**EXERCISE GOAL**
Return the lines beginning at the one that contains "Unisex shoe" and running to the end of the records, exactly and with nothing else. Omit pictures.

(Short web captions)
-=-=-

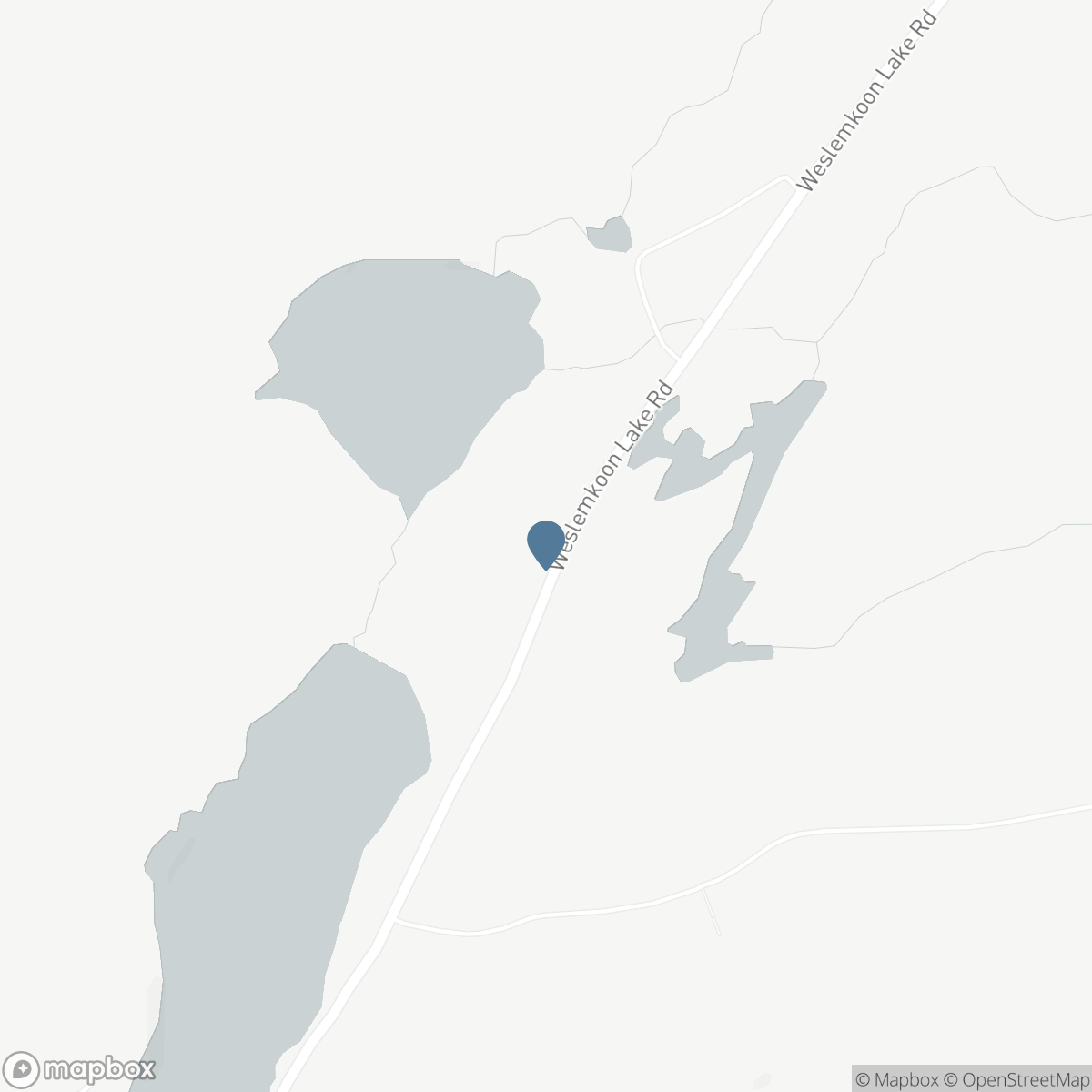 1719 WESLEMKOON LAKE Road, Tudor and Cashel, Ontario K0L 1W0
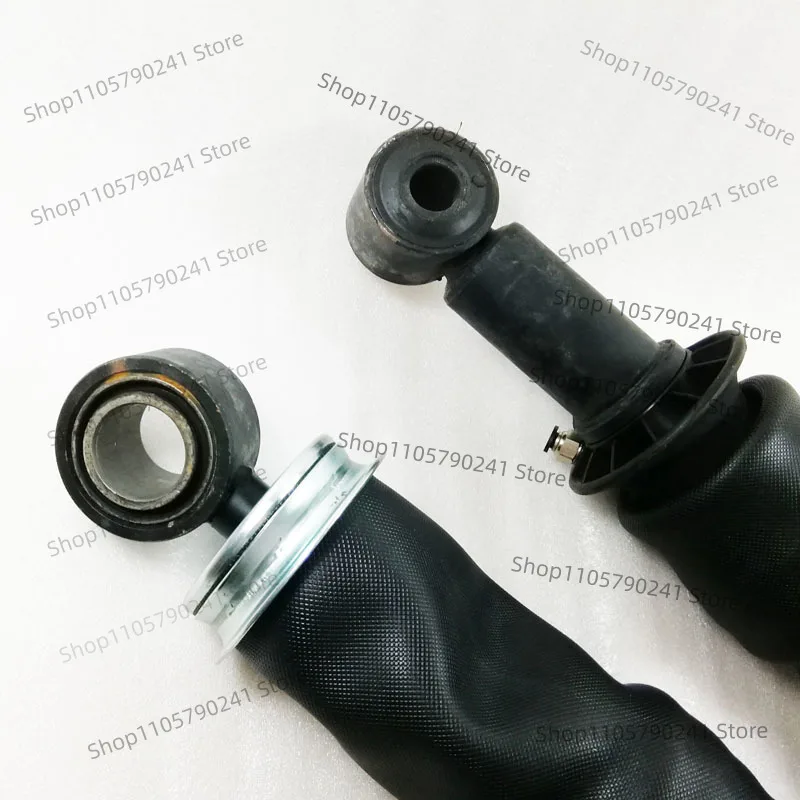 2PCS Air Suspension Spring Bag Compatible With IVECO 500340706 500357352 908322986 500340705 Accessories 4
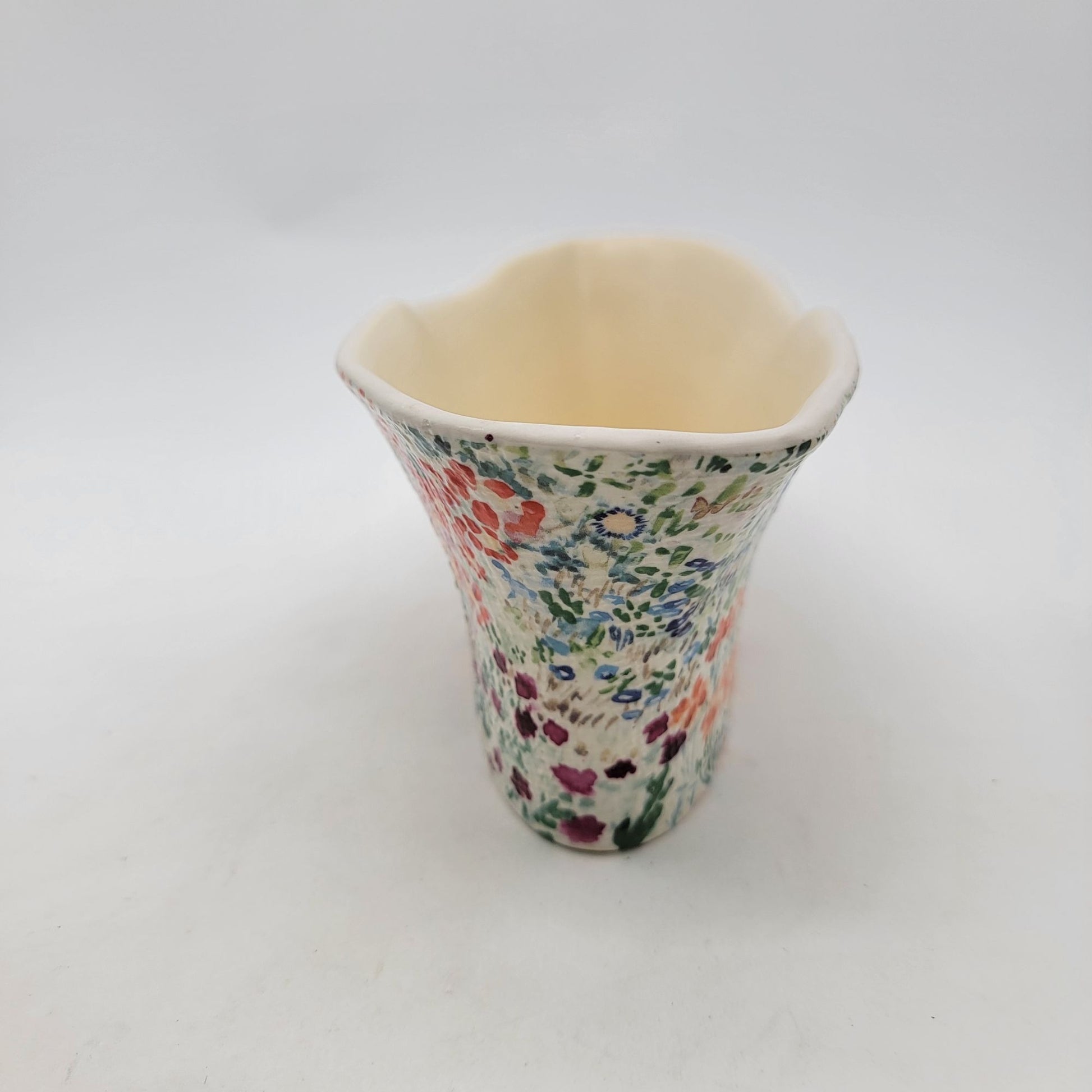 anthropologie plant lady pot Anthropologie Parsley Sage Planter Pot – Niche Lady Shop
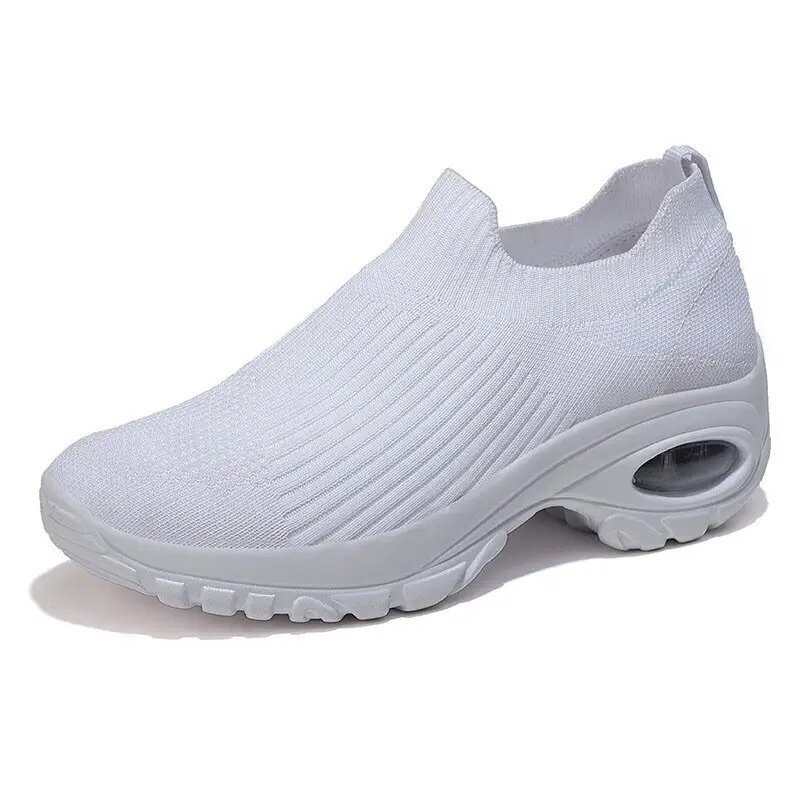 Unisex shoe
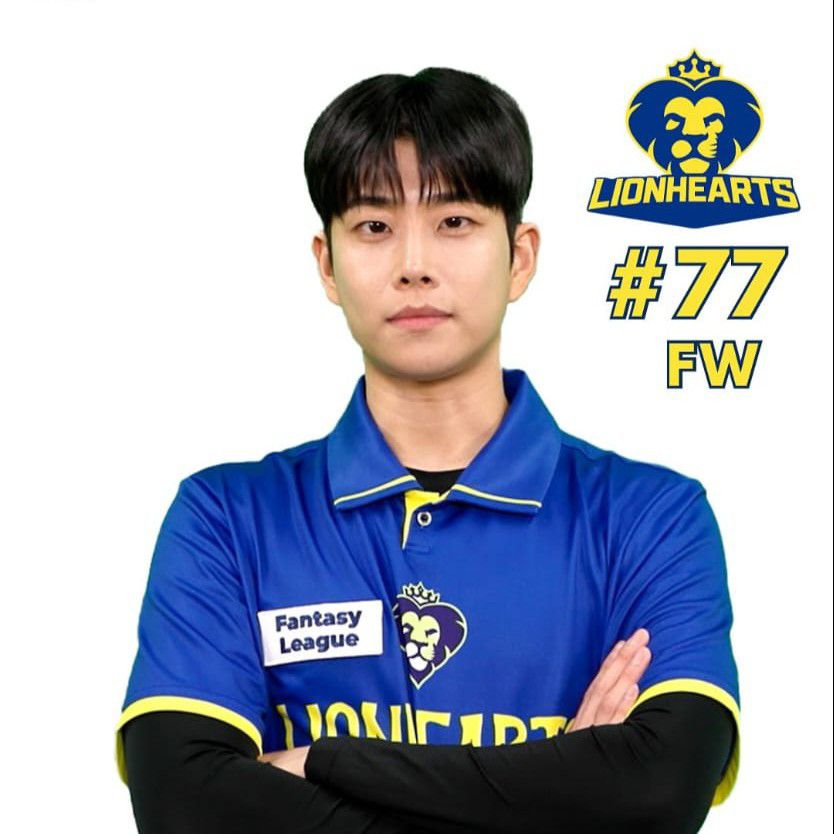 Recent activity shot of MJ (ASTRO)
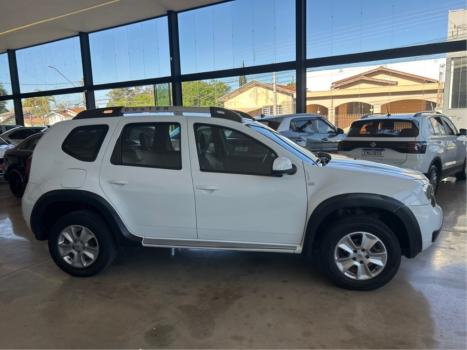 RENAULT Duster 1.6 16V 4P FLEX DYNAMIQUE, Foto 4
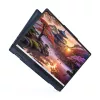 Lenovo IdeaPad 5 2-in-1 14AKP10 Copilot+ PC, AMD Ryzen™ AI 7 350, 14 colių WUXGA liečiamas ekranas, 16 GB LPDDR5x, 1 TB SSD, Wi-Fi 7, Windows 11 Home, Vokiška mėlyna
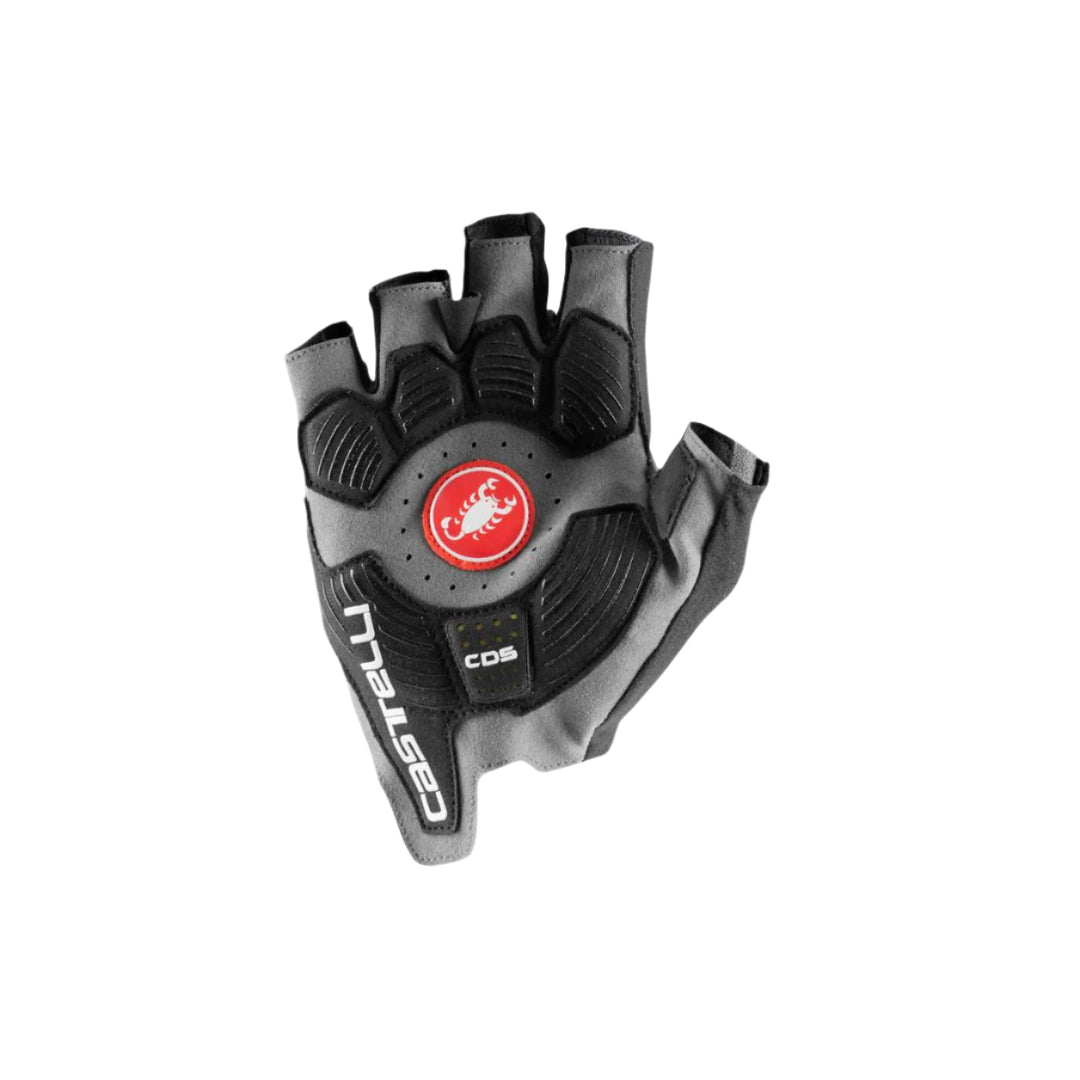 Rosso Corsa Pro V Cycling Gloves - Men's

-=-=-

**ANSWER FOR THE TASK**
 Unisex shoe
 Recent activity shot of MJ (ASTRO)
 RENAULT Duster 1.6 16V 4P FLEX DYNAMIQUE, Foto 4
 Lenovo IdeaPad 5 2-in-1 14AKP10 Copilot+ PC, AMD Ryzen™ AI 7 350, 14 colių WUXGA liečiamas ekranas, 16 GB LPDDR5x, 1 TB SSD, Wi-Fi 7, Windows 11 Home, Vokiška mėlyna
 Rosso Corsa Pro V Cycling Gloves - Men's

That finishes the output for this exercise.